What the task requires:
Retype exactly the lines that run from the start of the data to the line holding "Йогурт Лужайкино фото", including both, and only those.

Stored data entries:
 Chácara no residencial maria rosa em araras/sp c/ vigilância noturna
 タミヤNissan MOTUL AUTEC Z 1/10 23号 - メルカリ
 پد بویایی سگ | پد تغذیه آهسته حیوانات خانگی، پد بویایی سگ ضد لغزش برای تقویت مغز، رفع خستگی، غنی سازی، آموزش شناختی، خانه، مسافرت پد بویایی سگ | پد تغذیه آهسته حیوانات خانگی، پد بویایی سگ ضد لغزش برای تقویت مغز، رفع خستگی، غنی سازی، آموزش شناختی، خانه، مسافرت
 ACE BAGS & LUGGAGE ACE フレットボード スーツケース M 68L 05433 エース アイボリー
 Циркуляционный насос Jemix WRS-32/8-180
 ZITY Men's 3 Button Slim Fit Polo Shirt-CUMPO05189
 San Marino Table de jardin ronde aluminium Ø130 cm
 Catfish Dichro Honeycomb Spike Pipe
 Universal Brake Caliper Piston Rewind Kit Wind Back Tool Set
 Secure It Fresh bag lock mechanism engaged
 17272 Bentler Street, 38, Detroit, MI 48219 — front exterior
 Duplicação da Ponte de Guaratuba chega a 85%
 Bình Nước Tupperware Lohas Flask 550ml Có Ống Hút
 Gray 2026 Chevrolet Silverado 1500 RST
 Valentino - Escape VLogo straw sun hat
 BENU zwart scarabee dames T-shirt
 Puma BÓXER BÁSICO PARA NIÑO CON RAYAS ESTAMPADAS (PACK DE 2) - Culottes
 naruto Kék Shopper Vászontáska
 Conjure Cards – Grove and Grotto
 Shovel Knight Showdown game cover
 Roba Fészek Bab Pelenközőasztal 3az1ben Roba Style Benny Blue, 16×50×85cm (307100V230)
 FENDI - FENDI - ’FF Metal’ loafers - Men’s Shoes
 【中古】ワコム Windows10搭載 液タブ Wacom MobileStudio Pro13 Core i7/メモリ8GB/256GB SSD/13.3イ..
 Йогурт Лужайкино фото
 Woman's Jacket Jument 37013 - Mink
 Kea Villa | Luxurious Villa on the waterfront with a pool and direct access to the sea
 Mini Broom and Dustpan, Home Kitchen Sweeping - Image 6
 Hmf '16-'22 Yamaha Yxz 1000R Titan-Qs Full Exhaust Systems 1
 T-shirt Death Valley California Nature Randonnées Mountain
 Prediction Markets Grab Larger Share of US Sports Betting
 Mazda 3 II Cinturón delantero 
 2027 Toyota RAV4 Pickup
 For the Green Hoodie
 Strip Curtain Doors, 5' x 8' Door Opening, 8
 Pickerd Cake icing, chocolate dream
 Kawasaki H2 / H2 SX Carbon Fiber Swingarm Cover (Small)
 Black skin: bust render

Exercise solution:
 Chácara no residencial maria rosa em araras/sp c/ vigilância noturna
 タミヤNissan MOTUL AUTEC Z 1/10 23号 - メルカリ
 پد بویایی سگ | پد تغذیه آهسته حیوانات خانگی، پد بویایی سگ ضد لغزش برای تقویت مغز، رفع خستگی، غنی سازی، آموزش شناختی، خانه، مسافرت پد بویایی سگ | پد تغذیه آهسته حیوانات خانگی، پد بویایی سگ ضد لغزش برای تقویت مغز، رفع خستگی، غنی سازی، آموزش شناختی، خانه، مسافرت
 ACE BAGS & LUGGAGE ACE フレットボード スーツケース M 68L 05433 エース アイボリー
 Циркуляционный насос Jemix WRS-32/8-180
 ZITY Men's 3 Button Slim Fit Polo Shirt-CUMPO05189
 San Marino Table de jardin ronde aluminium Ø130 cm
 Catfish Dichro Honeycomb Spike Pipe
 Universal Brake Caliper Piston Rewind Kit Wind Back Tool Set
 Secure It Fresh bag lock mechanism engaged
 17272 Bentler Street, 38, Detroit, MI 48219 — front exterior
 Duplicação da Ponte de Guaratuba chega a 85%
 Bình Nước Tupperware Lohas Flask 550ml Có Ống Hút
 Gray 2026 Chevrolet Silverado 1500 RST
 Valentino - Escape VLogo straw sun hat
 BENU zwart scarabee dames T-shirt
 Puma BÓXER BÁSICO PARA NIÑO CON RAYAS ESTAMPADAS (PACK DE 2) - Culottes
 naruto Kék Shopper Vászontáska
 Conjure Cards – Grove and Grotto
 Shovel Knight Showdown game cover
 Roba Fészek Bab Pelenközőasztal 3az1ben Roba Style Benny Blue, 16×50×85cm (307100V230)
 FENDI - FENDI - ’FF Metal’ loafers - Men’s Shoes
 【中古】ワコム Windows10搭載 液タブ Wacom MobileStudio Pro13 Core i7/メモリ8GB/256GB SSD/13.3イ..
 Йогурт Лужайкино фото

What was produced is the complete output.